Socrates Jones : Pro Philosopher

On a tous en tête quelques idées sur le jeu de nos fantasmes. Des idées de gameplay, de décors, d’ambiance… Mais bien souvent, c’est totalement par hasard que l’on tombe sur des jeux basés sur des concepts auxquels on n’avait jamais songé, et qui s’avèrent pourtant subitement essentiels, comme si on les avait attendus depuis toujours. C’est le cas – au moins pour moi – de Socrates Jones : Pro Philosopher, un… simulateur de Socrate. Si. Et gratuit, en plus.

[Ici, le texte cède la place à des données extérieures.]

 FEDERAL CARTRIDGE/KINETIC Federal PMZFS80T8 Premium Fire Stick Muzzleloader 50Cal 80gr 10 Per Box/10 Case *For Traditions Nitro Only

Tout ce que je sais, c’est que je ne sais rien

Le dialogue est évidemment un élément courant du jeu vidéo (et de la vraie vie, au passage). Mais il est rarement au cœur du gameplay (à part chez les derniers Telltale, peut-être). Ici nous incarnons Socrates Jones, un comptable descendant de Socrate (il n’y a pas de faute, Socrate s’écrit en anglais Socrates, et ceci nous permettra au moins de distinguer les deux personnages), dont la fille est férue de philosophie. Socrates n’y entend pas grand-chose et le dit lui-même : « tout le monde dans ma famille s’intéresse beaucoup à la philosophie, mais moi je n’arrive pas à rentrer dedans. Pourquoi devrais-je m’inquiéter de la nature du Bien et du Mal ? ».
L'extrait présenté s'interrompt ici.